**EXERCISE DETAILS:** In this exercise, print only the lines of the records below from the one with "<p>2012 HONDA CIVIC I-VTEC ES</p>" through the one with "8724 image for slide", inclusive. Pictures are not part of the copy.

**SUPPLIED ENTRIES:**

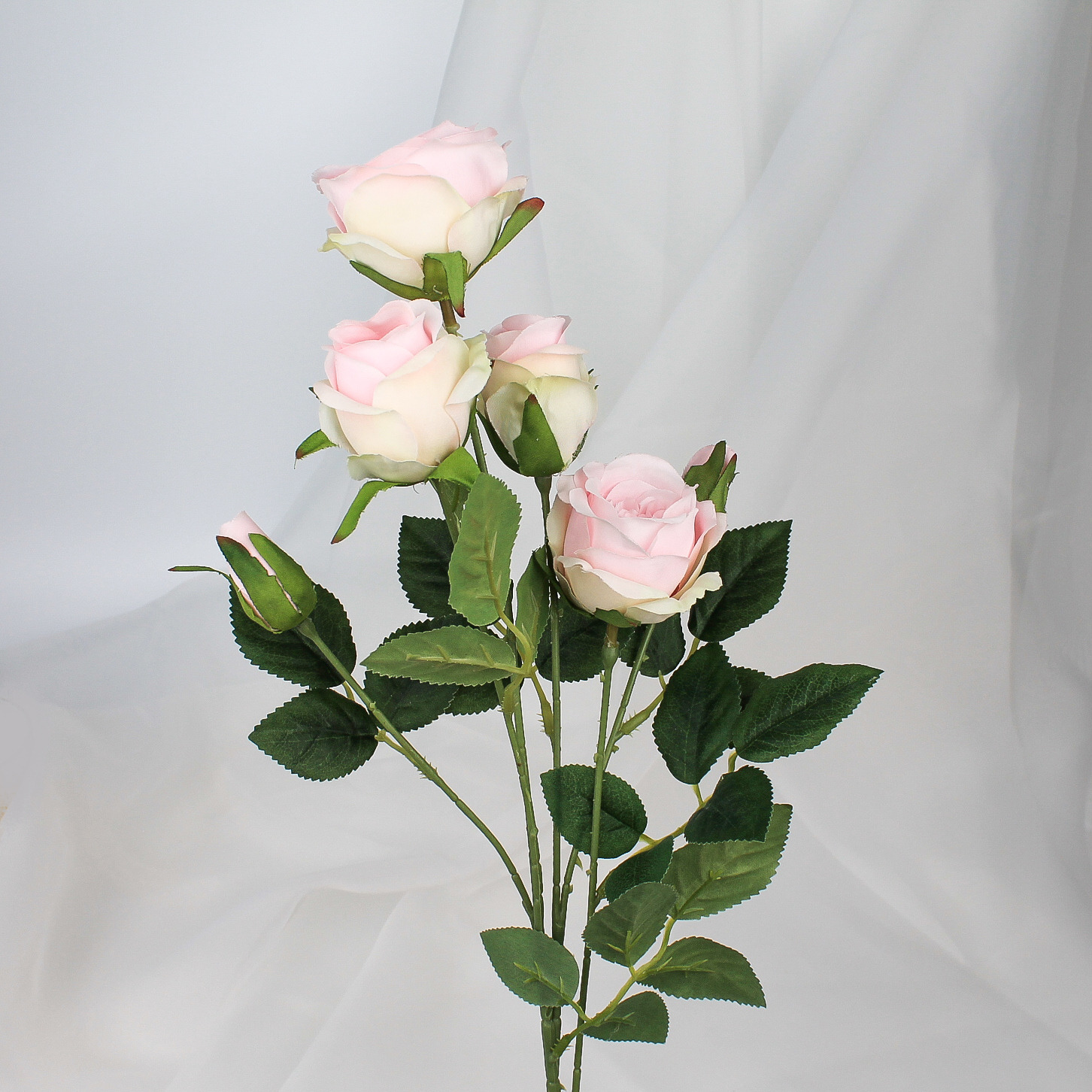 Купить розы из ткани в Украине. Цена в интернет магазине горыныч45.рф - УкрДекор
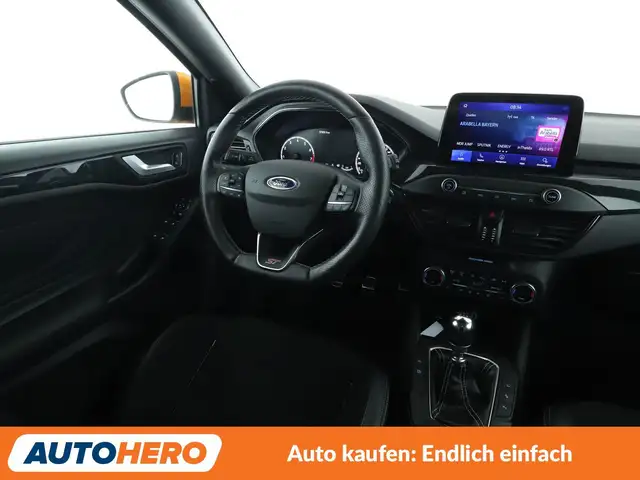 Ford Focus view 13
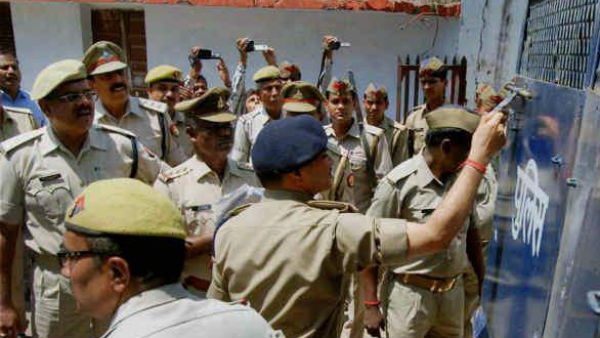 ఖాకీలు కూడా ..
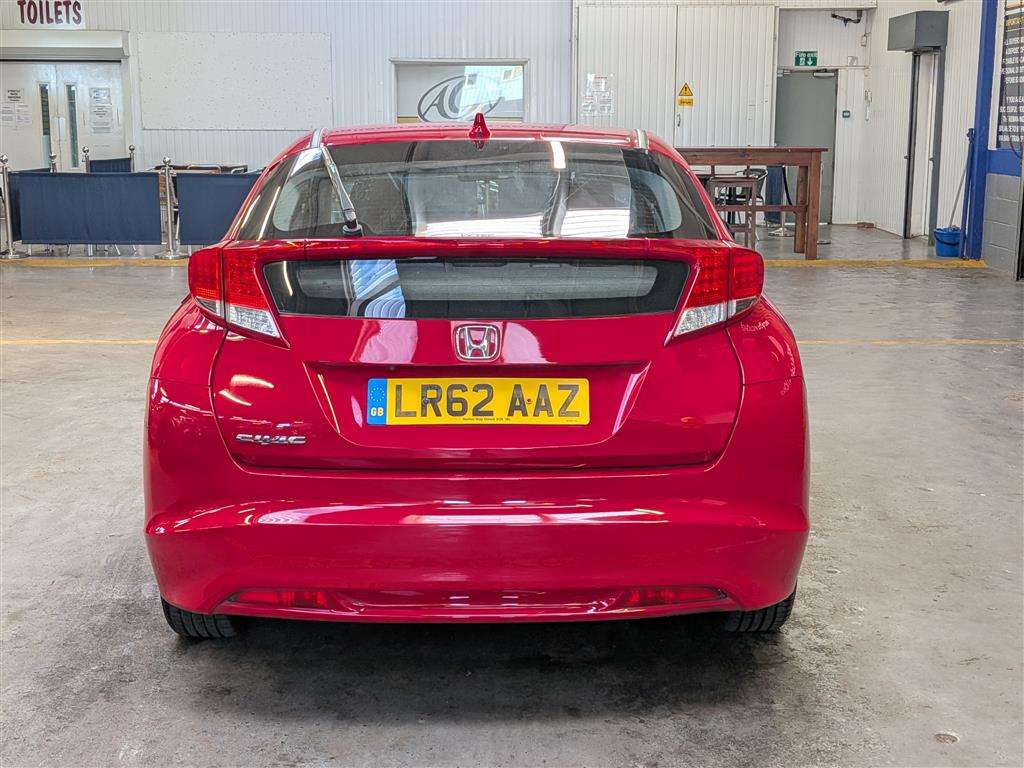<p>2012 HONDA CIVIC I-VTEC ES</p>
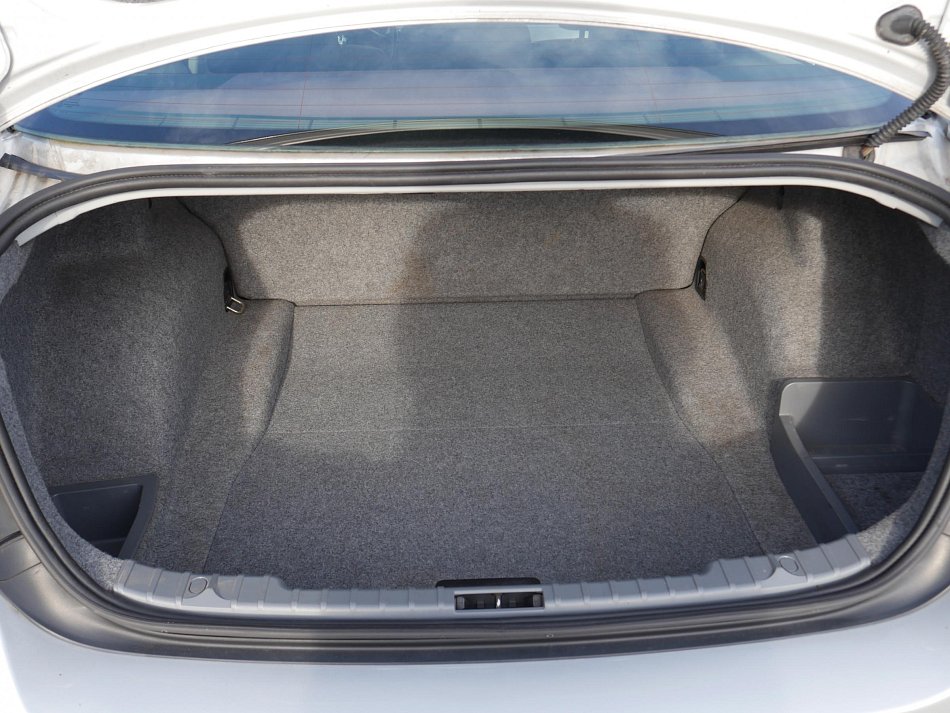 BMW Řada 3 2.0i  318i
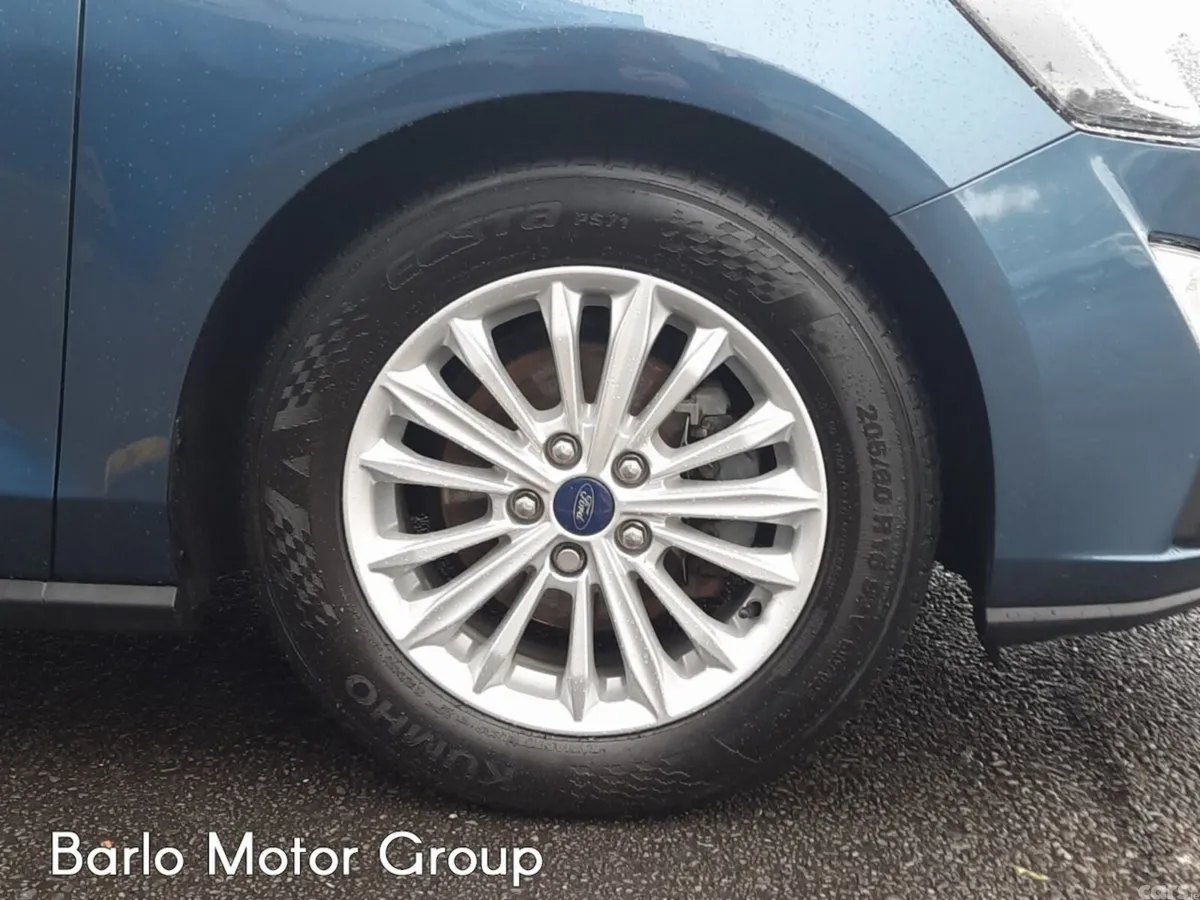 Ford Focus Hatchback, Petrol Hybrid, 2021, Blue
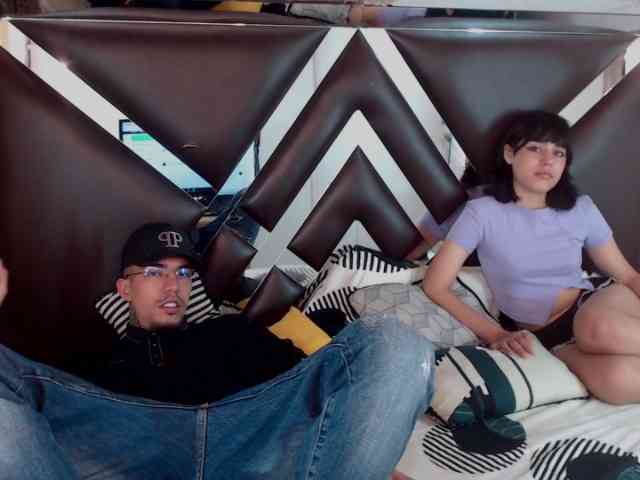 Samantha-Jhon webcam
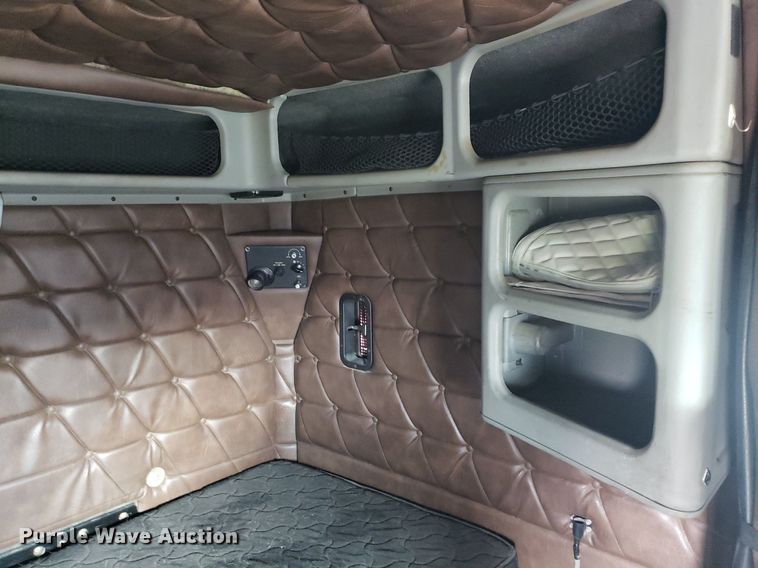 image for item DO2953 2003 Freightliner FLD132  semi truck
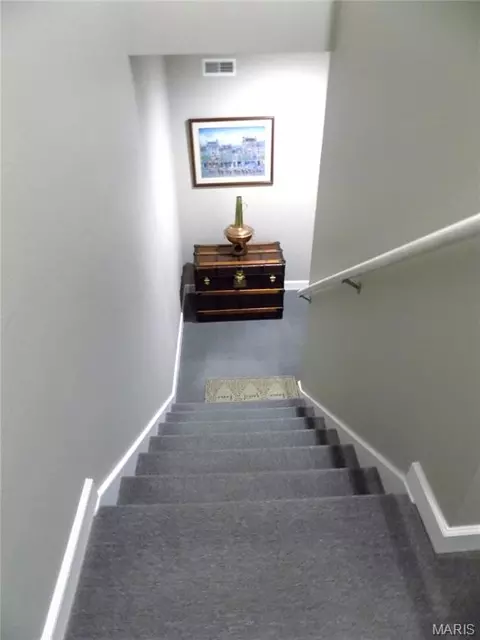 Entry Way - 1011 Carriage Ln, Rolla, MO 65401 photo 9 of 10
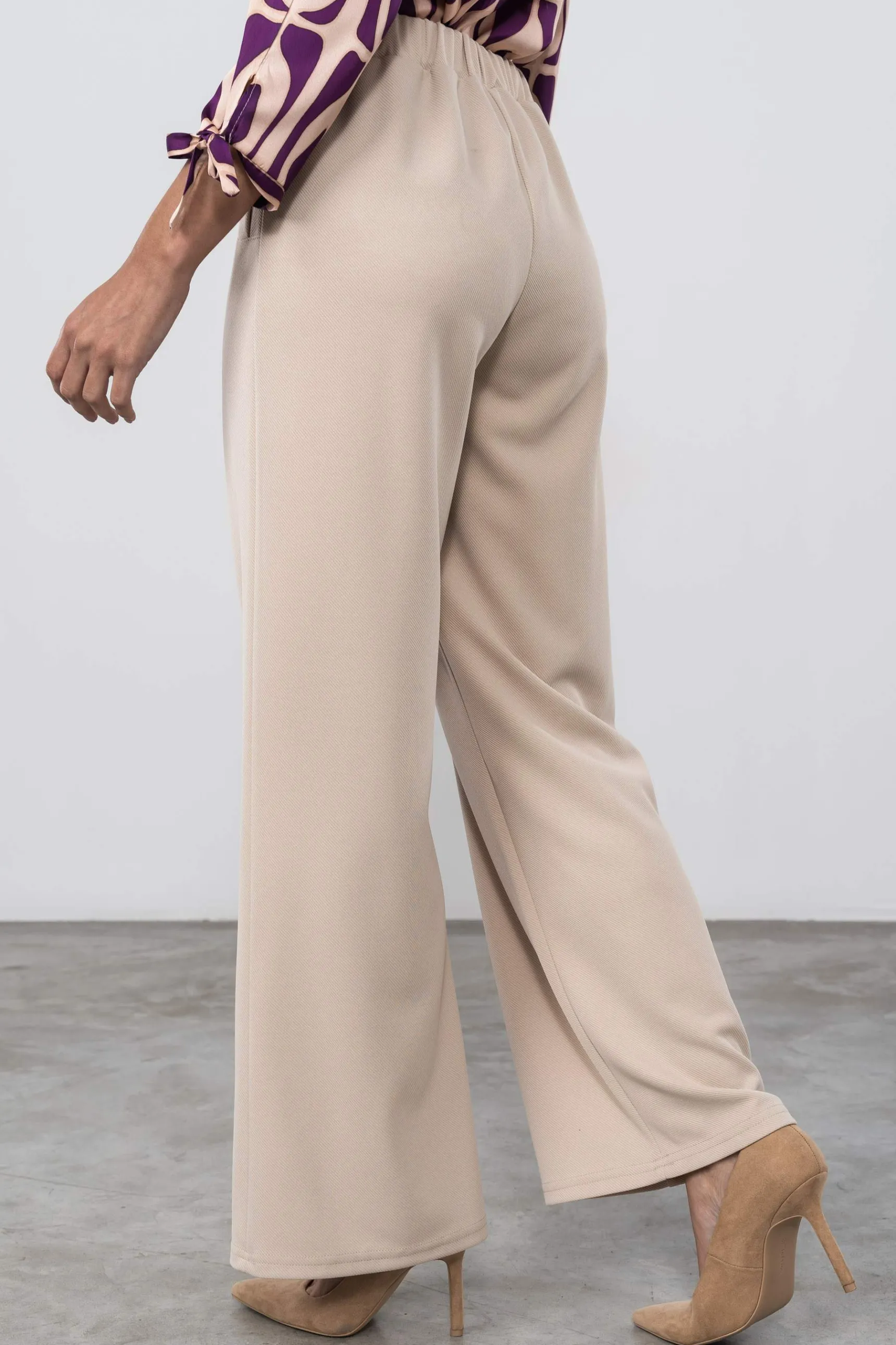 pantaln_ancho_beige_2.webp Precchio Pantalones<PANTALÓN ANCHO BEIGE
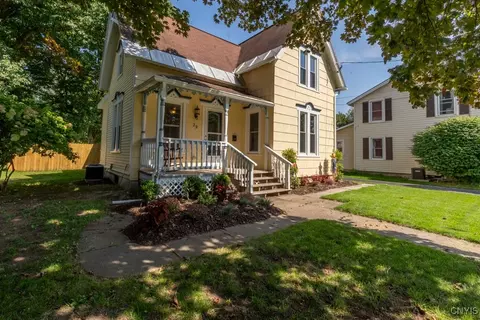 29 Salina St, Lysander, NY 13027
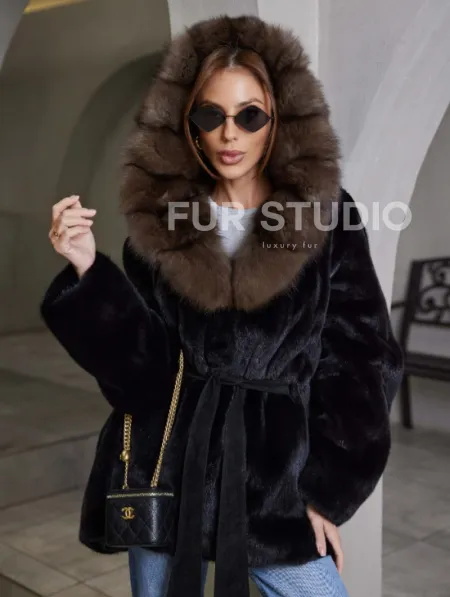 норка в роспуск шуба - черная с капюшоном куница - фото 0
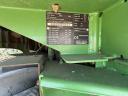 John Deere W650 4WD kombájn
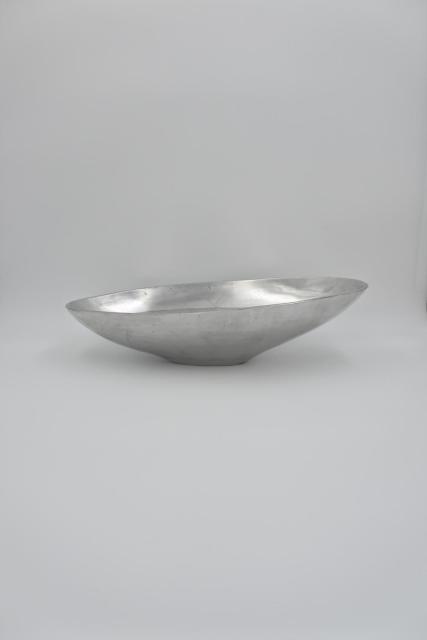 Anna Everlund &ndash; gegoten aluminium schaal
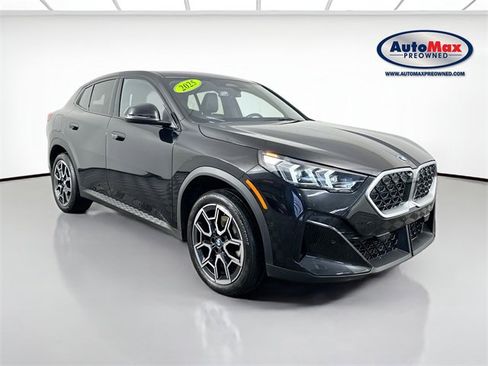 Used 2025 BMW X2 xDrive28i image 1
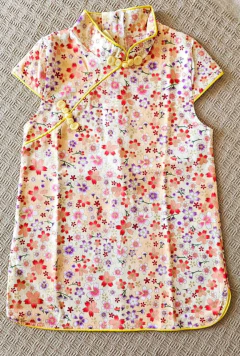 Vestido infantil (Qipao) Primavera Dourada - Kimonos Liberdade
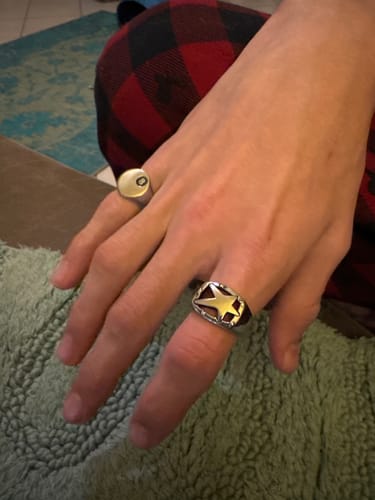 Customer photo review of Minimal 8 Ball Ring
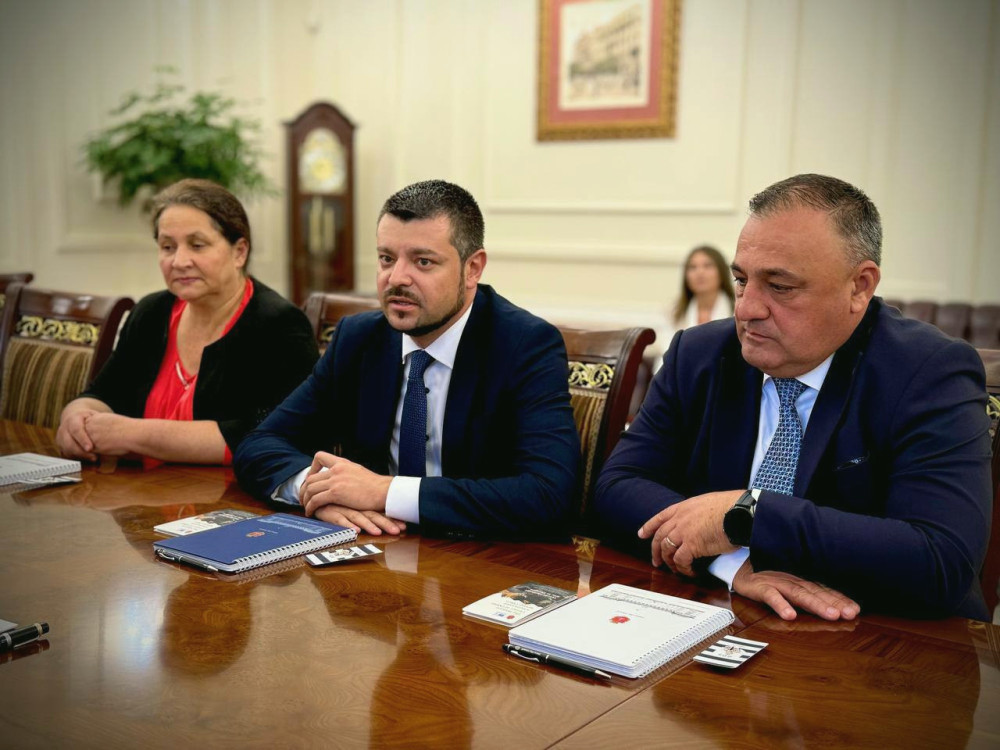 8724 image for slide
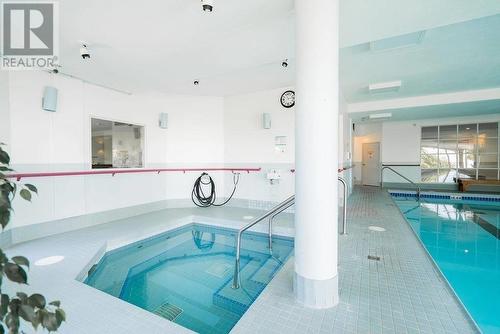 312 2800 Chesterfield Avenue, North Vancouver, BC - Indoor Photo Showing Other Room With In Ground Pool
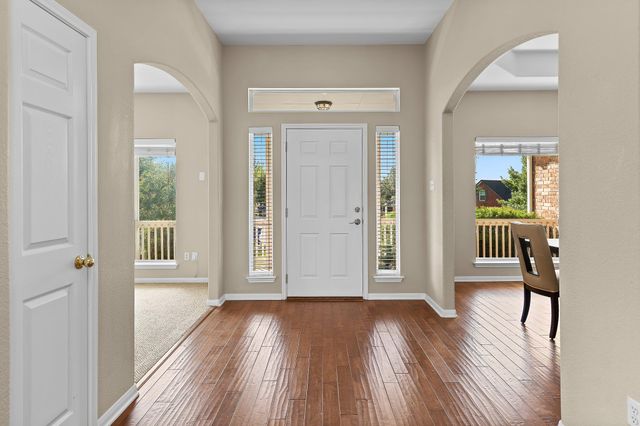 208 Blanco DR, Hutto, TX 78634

**TASK RESPONSE:**
<p>2012 HONDA CIVIC I-VTEC ES</p>
 BMW Řada 3 2.0i  318i
 Ford Focus Hatchback, Petrol Hybrid, 2021, Blue
 Samantha-Jhon webcam
 image for item DO2953 2003 Freightliner FLD132  semi truck
 Entry Way - 1011 Carriage Ln, Rolla, MO 65401 photo 9 of 10
 pantaln_ancho_beige_2.webp Precchio Pantalones<PANTALÓN ANCHO BEIGE
 29 Salina St, Lysander, NY 13027
 норка в роспуск шуба - черная с капюшоном куница - фото 0
 John Deere W650 4WD kombájn
 Anna Everlund &ndash; gegoten aluminium schaal
 Used 2025 BMW X2 xDrive28i image 1
 Vestido infantil (Qipao) Primavera Dourada - Kimonos Liberdade
 Customer photo review of Minimal 8 Ball Ring
 8724 image for slide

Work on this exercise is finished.